Frankly, the sewing bird is the only character I’d want to encounter. Even then the stilted rhymes would grind me down.

You can see the Sewing Bird on he table in this illustration…it’s the only thimble person on whom eyes make sense. The rest are pure abominations.

Dick, a real bird, is in the background. Sewing Bird sometimes taunts Dick but who doesn’t?

“I mean sew With a thimble;

I mean sew And be nimble,

If you’d like to learn to sew;

To baste and bind; tie a bow;

‘Dress a dolly, head to toe,

We can teach you how—”

-The Sewing Bird

Sewing Birds, first patented by Charles Waterman in 1853, were clamped onto table edges and their beaks held tight to fabric, allowing their users to pull the fabric tight with one hand and stitch with the other. Often they also featured pin-cushions on their backs and occasionally they had extra rods to hold the sewist’s thread spools.

Aren’t they things of beauty?  They also came in other animal shapes.

Neither I, nor many of my sewing friends, knew of their existence despite having Grandmothers who were avid sewists… but I suspect the following explains why soon they vanished.

By 1915 ready-made clothing was readily available because advances in sewing machine technology and production made the machines affordable enough to be purchased in bulk for factories and poorer women.

These changes shifted machines them from items of luxury to everyday machines.

Other highly ornate sewing tools like silver filigree thimbles, exquisite sewing birds, and decorative scissors (once some of the only items wealthy women could hand down to daughters …as all belongings were thought to be the husbands and to be passed down to sons) also fell out of favor when sewing became less a gentile past-time and skill of wealthy women and more the burden of factory women and poor seamstresses.

Eventually home machines would be capable of having multiple stitch settings and interchangeable sewing feet.

This also meant that a machine was capable of producing rolled hem edges and other delicate work that once required hand stitching with a sewing bird.

Adding to the decline of sewing birds would be increases in ironing technology. With irons you could press a hem instead of needing to hand crease it and hold it taught with a sewing bird as you basted it. When the Mary Frances books were published irons were not yet a common household device, but they soon would be:

The Hotpoint iron, designed by Earl H. Richardson of Ontario, California, was launched in 1905, and was the first electric iron to have any commercial success. By the 1920s enough people had homes wired for electricity for electric clothes irons to spread fast across the US. They were also selling well in some parts of Europe. By 1932 17.5 percent of Swiss homes had one, more than in the US, according to Iván Berend in An Economic History of Twentieth-Century Europe.

From Old and Interesting; history of domestic paraphernalia

The need for sewing birds was diminished, but they were still manufactured as novelties. The Singer Sewing Machine Company produced a few as late as 1980.

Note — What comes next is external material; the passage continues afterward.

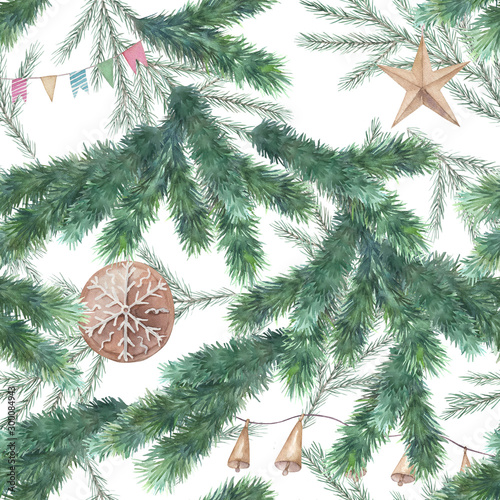 Watercolor pattern with green christmas tree branches, bells, star and cookie...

So while I don’t have a sewing bird I do have the modern version of one…

Although nowadays they’ve droped the bird from the name altogether and Clover simply calls it a Third Hand Clamp.

I use mine for occasionally hand stitching a rolled hem on silks or chiffon that needs to stay light and floating on costumes. Whenever I post a picture of it in use on my costume page I field questions from others who have been looking for something JUST LIKE IT.

But, alas, Mary’s first introduction to the Sewing Bird ends…as does ours, as Grandma comes home.

“Ah, my dear, you’ve not been lonely,” said Grandma—then discovering Sewing Bird on the table, “You’ve been playing with my old-fashioned sewing bird, I see. Many a year this pretty little beak has held Grandma’s long seams and hems while she sewed them.”

“’I think she’s lovely!” exclaimed Mary Frances.

”I love her, too, dear,” said Grandma, a far-away look coming in her eyes.

''The first time she ever helped me," she added softly, ''was with my wedding dress. Yes, I love her, too, dear."

Excerpt From: Fryer, Jane Eayre, 1876-. “The Mary Frances sewing book; or, Adventures among the thimble people.”